Is there any possibilities that cursor team will integrate the open ai realtime api ,so it will be even more easy by just voice most of the development process is even more easy and fast
1 Like
Given how much it costs, I think its very much a no, unless there is substantial reductions in the cost in future.
In the longer term I think we will see extensions for local models
1 Like
What is it like $9/hr? My time is worth more than that.
The real question is a) how seamlessly it can be integrated and b) how beneficial is the realtime-nes versus just adding a good speech to text model that’s specifically good at coding language (variable names, etc.)

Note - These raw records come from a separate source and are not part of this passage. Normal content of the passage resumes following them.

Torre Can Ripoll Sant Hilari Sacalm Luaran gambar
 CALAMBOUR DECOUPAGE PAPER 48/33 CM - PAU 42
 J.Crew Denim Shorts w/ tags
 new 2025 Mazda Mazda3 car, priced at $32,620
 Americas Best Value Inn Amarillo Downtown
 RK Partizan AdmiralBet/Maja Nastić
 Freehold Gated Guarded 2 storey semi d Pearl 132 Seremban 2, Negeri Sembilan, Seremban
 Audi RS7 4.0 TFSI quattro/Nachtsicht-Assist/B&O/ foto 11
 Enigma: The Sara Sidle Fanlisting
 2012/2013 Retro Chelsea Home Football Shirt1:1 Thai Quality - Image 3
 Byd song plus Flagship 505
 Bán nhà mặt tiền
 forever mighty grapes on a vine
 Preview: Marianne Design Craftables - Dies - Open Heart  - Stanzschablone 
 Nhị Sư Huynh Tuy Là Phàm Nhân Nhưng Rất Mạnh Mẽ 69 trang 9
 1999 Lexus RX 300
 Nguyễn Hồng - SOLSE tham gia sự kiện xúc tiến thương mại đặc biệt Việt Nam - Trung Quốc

GPT-4o is also not that great at coding compared to sonnet3.5 and o1
3 Likes
Seconding this, I have been dreaming about this for years and will make it myself if no one else does. Here’s the rundown of what I’d want to see:
- Locally run VAD - if we run voice activity detection locally (or just set to push to talk) we cut down on a lot of costs by not needing to constantly be sending empty audio for OAI’s VAD to check
- Direct integration with the existing chat window - from skimming over the Realtime API doc here we should be able to seamlessly mix together text and voice so the user can decide whether to speak or type their question
- Passing between 4o (or 4o mini) and better models for actual problems - a prompt can be constructed that makes use of the realtime API’s function calling so that it can pass off most of the actual work to other AIs. In my vision of this functionality, the realtime voice is really just there as a messenger and assistant personality who uses function calling to request answers to programming questions as well as to pass summaries of problems to other AIs which can then write the actual prompts which will be used to write code. If I say “please edit X function to do Y” a function call with that info will be used to find the function in question and then instructions are passed either directly to 3.5 Sonnet or similar of what to do OR in some cases o1 mini can be called to write a more thorough prompt for another AI
- This is crucial - need the ability to load in locally run RVC models so OpenAI’s cringe voices can be converted to anime girls on the fly. If this feature is not included I will not be able to get any work done, I hope you understand.